- [WHAT THE TASK REQUIRES] Copy the listing below exactly, but skip the pictures.

- [EXERCISE INPUT]
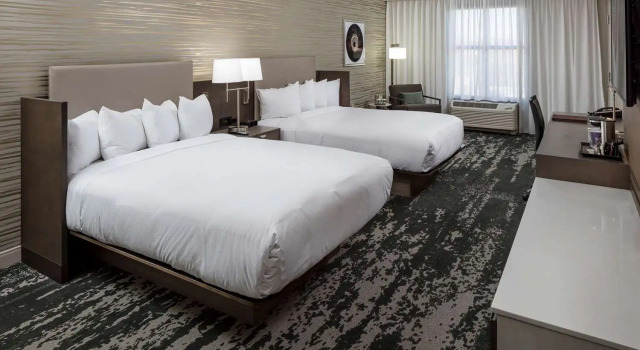 Четырёхместный номер Standard DoubleTree by Hilton Boston Logan Airport Chelsea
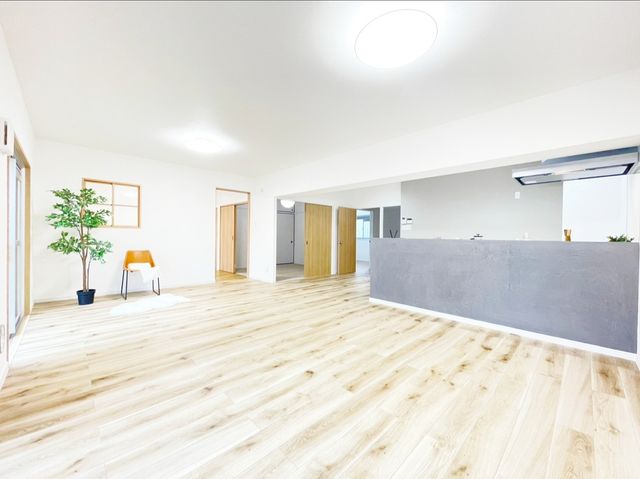 リノベーション済。快適な暮らしを実現する現代的な住まいになりました。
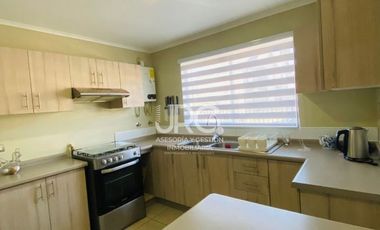 Casa en Venta en Al lado de Manuel Bustos Huerta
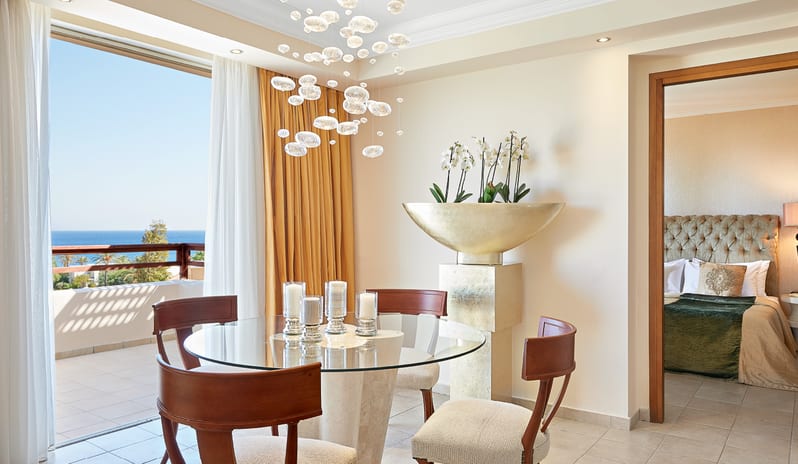 Penthouse Senior Suite Sea View, Dining Table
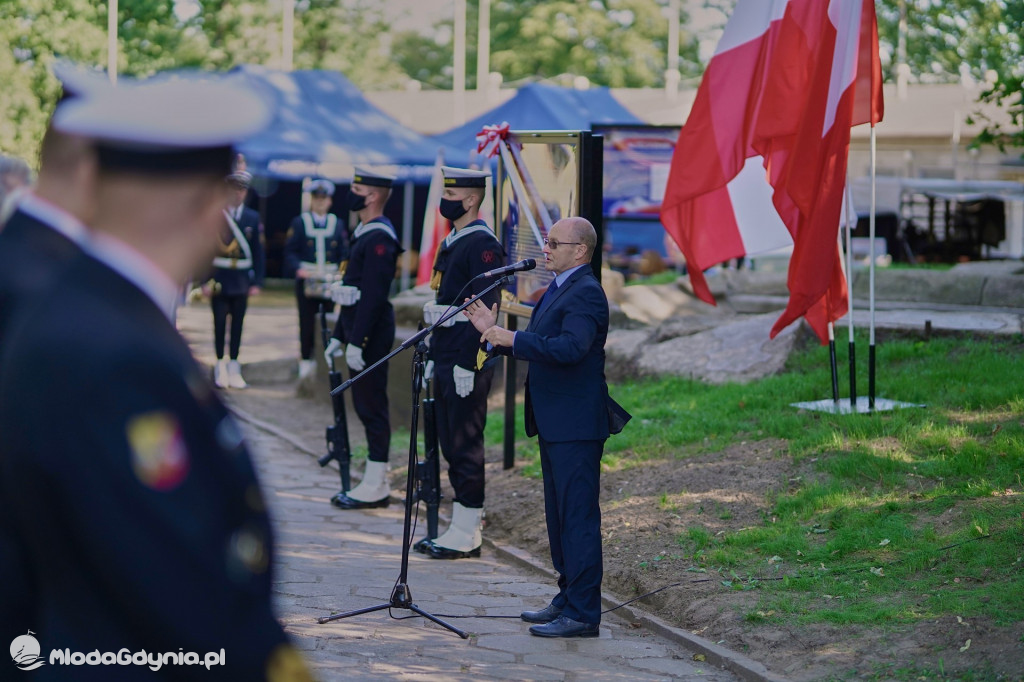 Odsłonięcie tablicy pamiątkowej poświęconej 1. Baterii 1. Morskiego Dywizjonu Artylerii Przeciwlotniczej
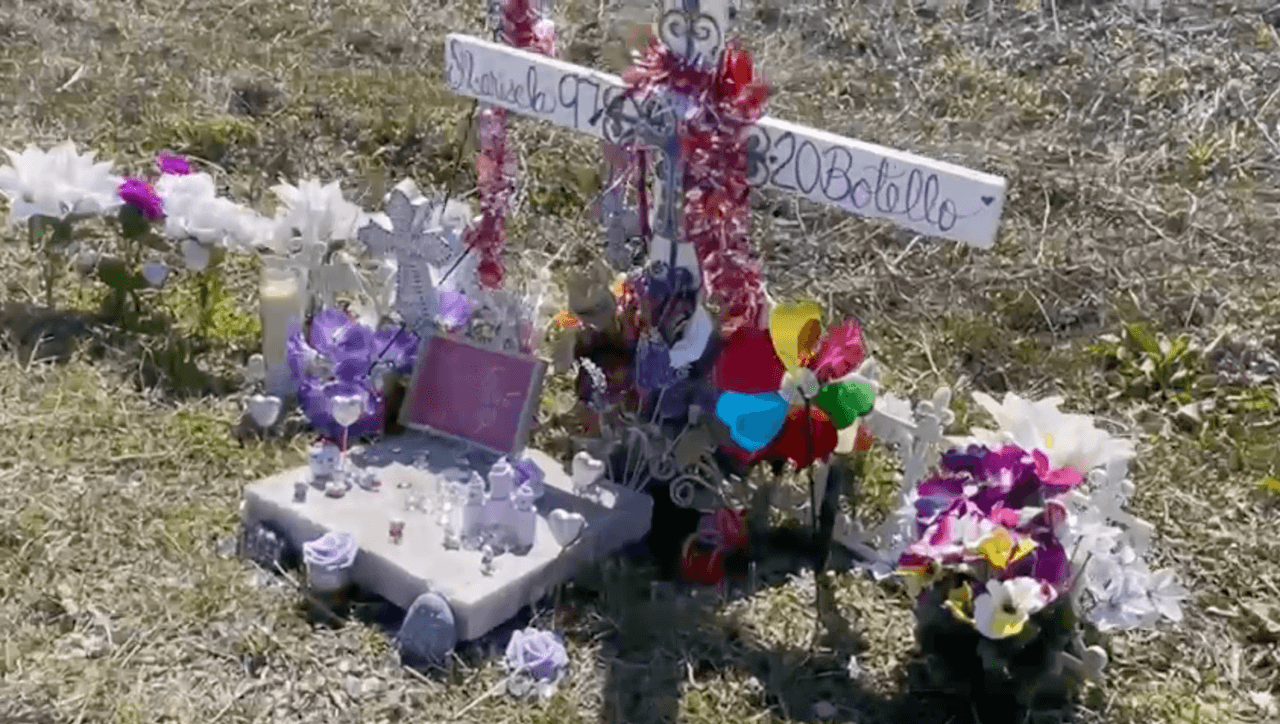 Un grupo de mujeres que ha seguido muy de cerca el caso de la joven visitó su tumba recientemente.
<br>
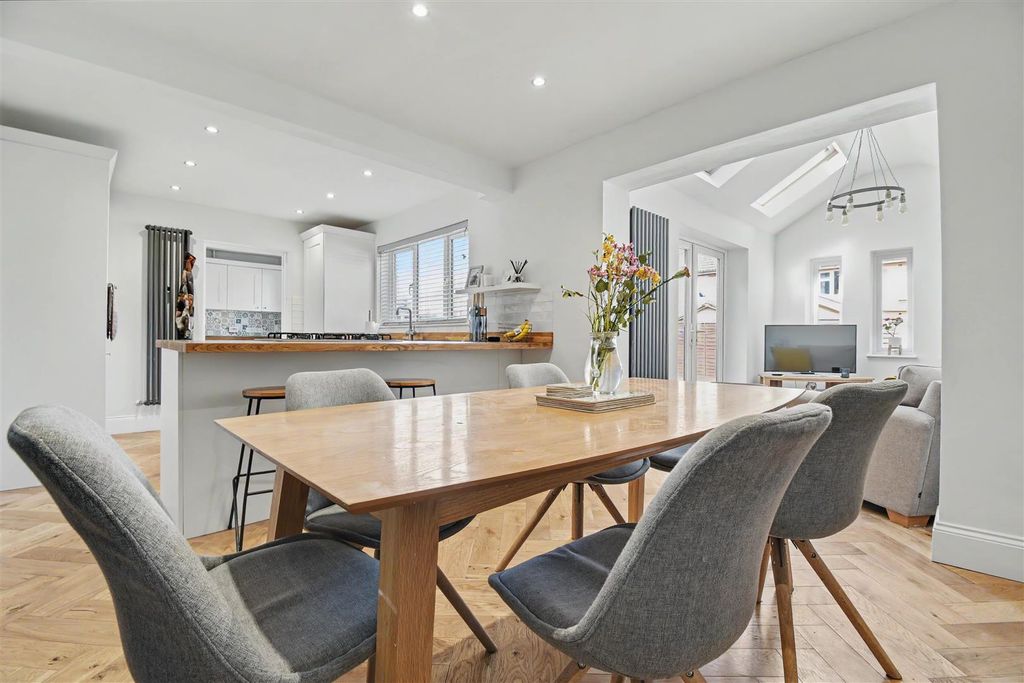 Property photo 3 of 33 Kitchen Diner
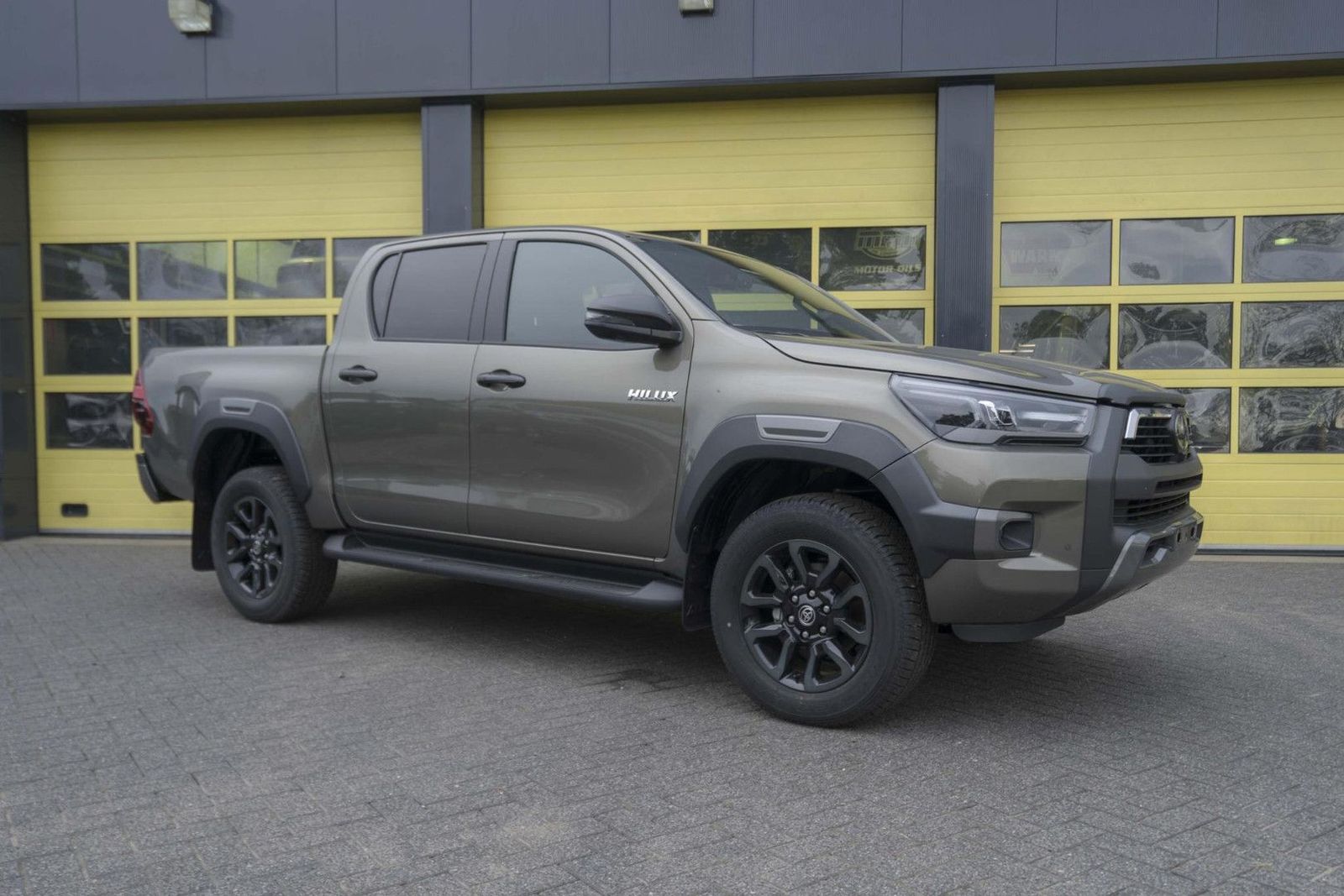 Toyota Hilux 2.8 D-4D Double Cab Hybrid Invincible JBL imagem 3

- [ANSWER TO THE PROBLEM]
 Четырёхместный номер Standard DoubleTree by Hilton Boston Logan Airport Chelsea
 リノベーション済。快適な暮らしを実現する現代的な住まいになりました。
 Casa en Venta en Al lado de Manuel Bustos Huerta
 Penthouse Senior Suite Sea View, Dining Table
 Odsłonięcie tablicy pamiątkowej poświęconej 1. Baterii 1. Morskiego Dywizjonu Artylerii Przeciwlotniczej
 Un grupo de mujeres que ha seguido muy de cerca el caso de la joven visitó su tumba recientemente.
<br>
 Property photo 3 of 33 Kitchen Diner
 Toyota Hilux 2.8 D-4D Double Cab Hybrid Invincible JBL imagem 3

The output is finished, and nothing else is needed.